Miss Bush was the first of 11 children born to western Oklahoma pioneers John James and Anna Mae (Weaver) Bush. Her father, who descended on his maternal side from Revolutionary War patriots from Virginia, moved to the region from Alabama by way of Texas. Her mother, a former teacher whose own mother was said to have helped slaves learn to read, lived in Mississippi before moving to Oklahoma (then Greer County, Texas).

In recent years Miss Bush was interested in learning about her paternal grandfather, who immigrated from Schwaigern, Germany, in the early 1830's and died near Frazier before she was born.

Miss Bush grew up on the farm her parents homesteaded west of Altus. She lived for a number of years with her family in an earthen dugout. As the eldest child of a large family, she had many responsibilities at home and on the farm.

She graduated from Victory High School in Victory in 1926 and later attended Oklahoma A & M in Stillwater, where she also worked to pay her studies. During her adult working life she did farm labor, taught at Kay School north of Olustee, worked as a farm demonstration agent with the Oklahoma A & M Extension Services, worked at Charlie Dunn's Cafe across the street north of the First National Bank from the early 1950's until the mid-1960's and worked at Underwood's until her retirement in the mid-1970's.

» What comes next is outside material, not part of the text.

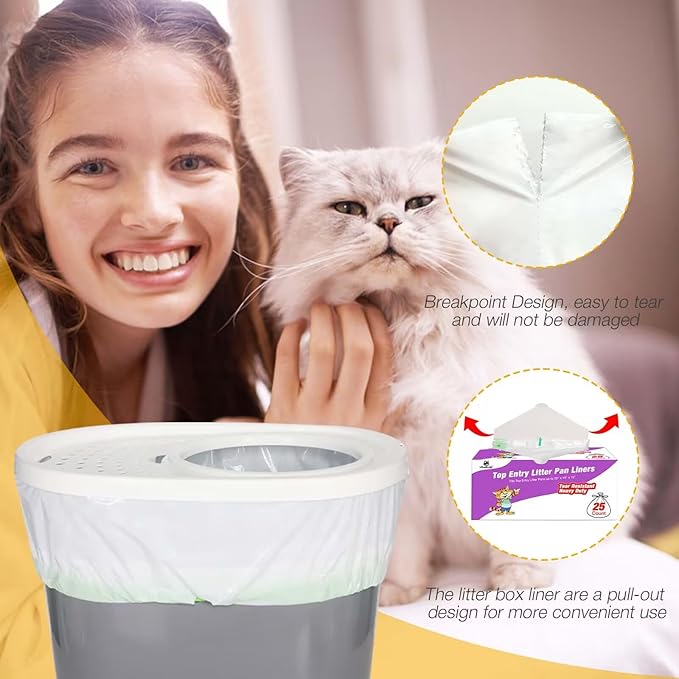Cat Litter Box Liners Compatible with Top Entry Litter Pans Model, Heavy Duty Tear Resistant Large Litter Pan Liners 25 Count Drawstring Litter Liner Bags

As a young woman, she traveled to Chicago alone by train to attend the 1933-34 World's Fair, an experience she liked to recall in her later years. Miss Bush remained single throughout her life, yet she often sacrificed her own freedom to provide care for others. One of her nephews, John Burleson, now of Indianapolis, Ind., describes his aunt Trudie as "second mother" who was at times his primary caregiver. Other friends and family recall her love for the outdoors and nature, for her irises and turnips and apricots and for the continuous stream of stray and needy animals whose needs she attended.

All remember her remarkable resilience and strength, her indifference to convention and her fierce independence.

She was loved and will be dearly missed.

Miss Bush is survived by two sisters, Beulah Gear of Oklahoma City, and Hazel Jepsen of Altus; one brother, Calvin Bush of Corpus Christi, Texas; 15 nieces and nephews and many great nieces and nephews.